BEGIN Supplied material

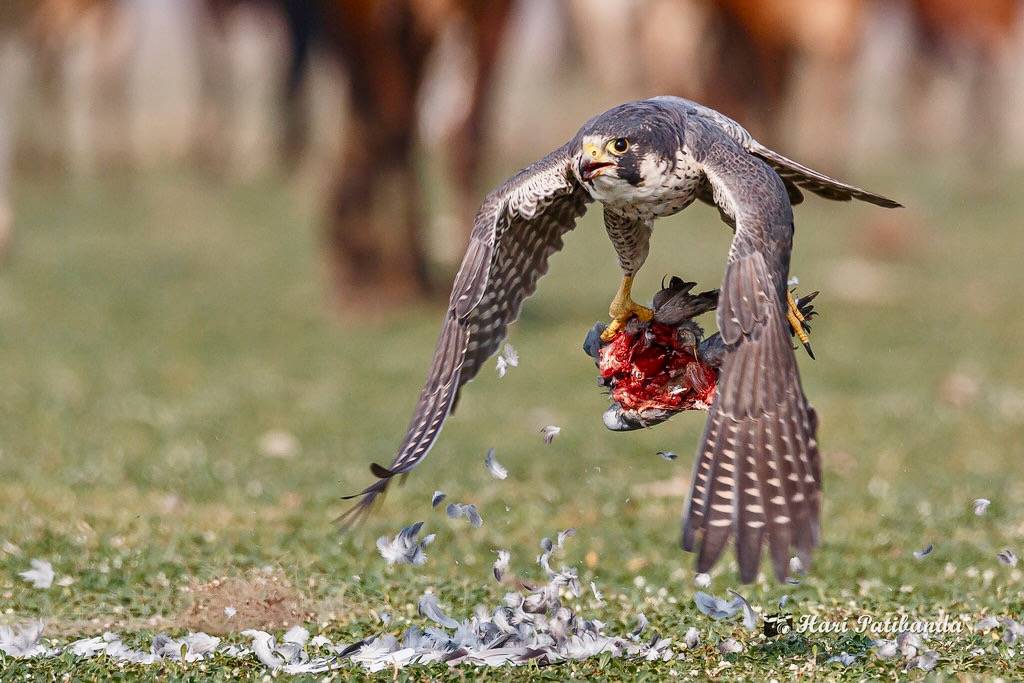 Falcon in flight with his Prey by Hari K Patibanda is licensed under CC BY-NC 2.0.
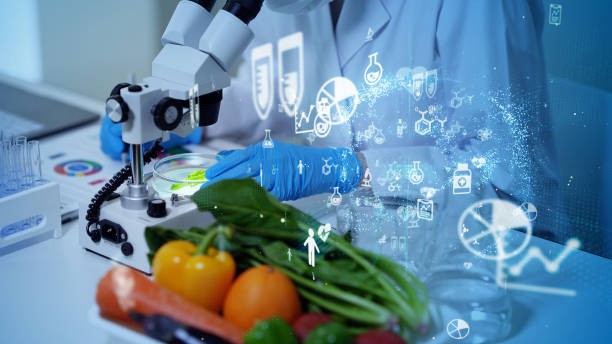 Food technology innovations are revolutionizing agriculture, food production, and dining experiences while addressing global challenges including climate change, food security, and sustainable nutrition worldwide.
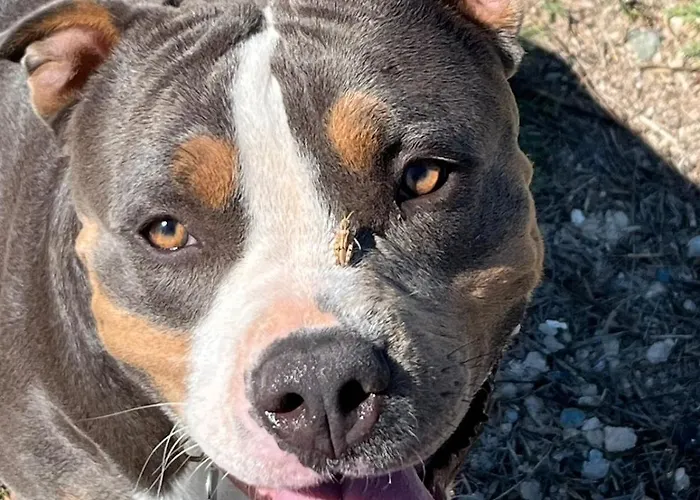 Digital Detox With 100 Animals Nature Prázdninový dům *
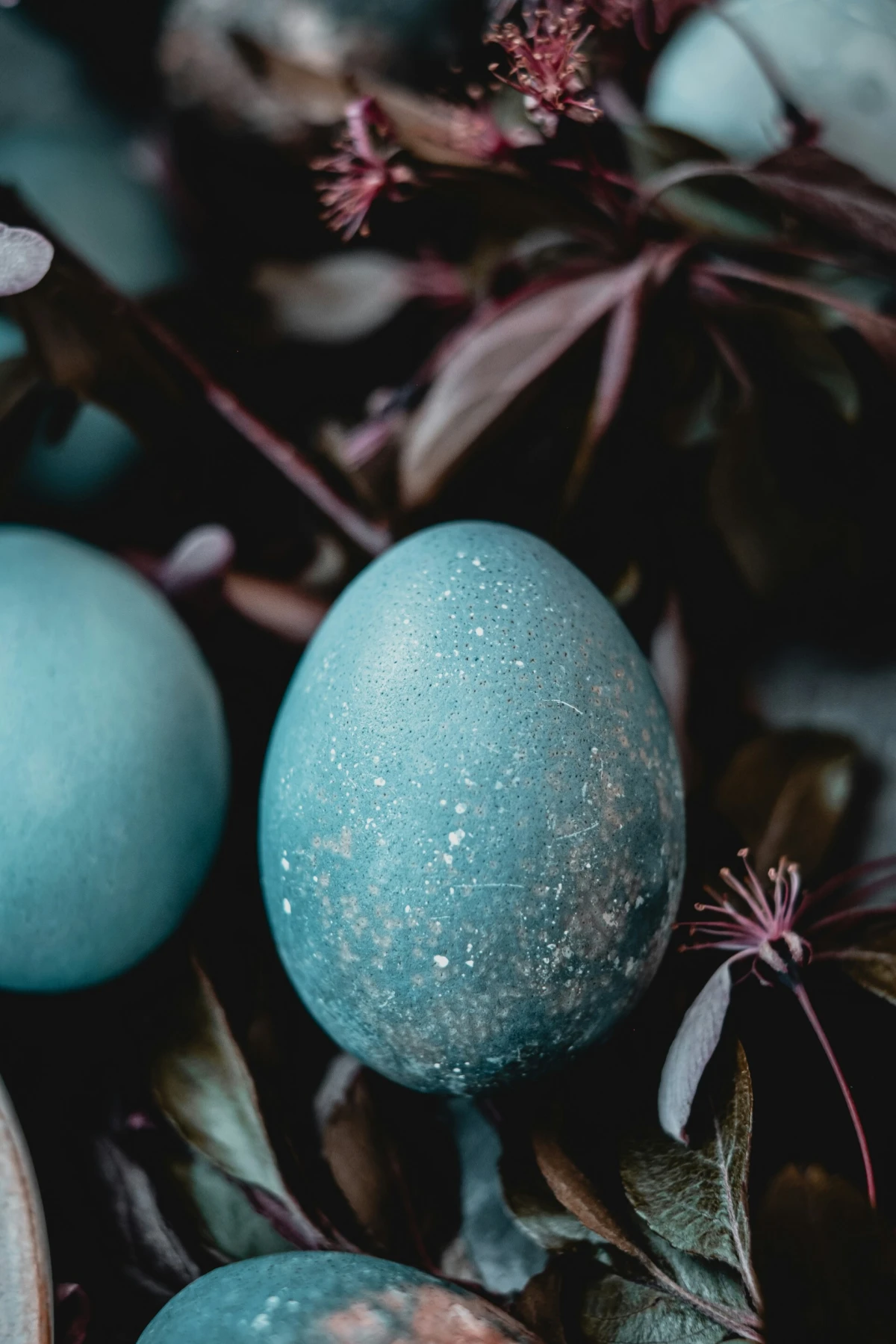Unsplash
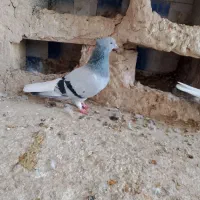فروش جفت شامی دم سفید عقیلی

END Supplied material

» What is required:
What is needed is an exact repeat of the lines from the one containing "Digital Detox With" through the last line of the records above, both included, with pictures left out.

» Reply:
 Digital Detox With 100 Animals Nature Prázdninový dům *
Unsplash
فروش جفت شامی دم سفید عقیلی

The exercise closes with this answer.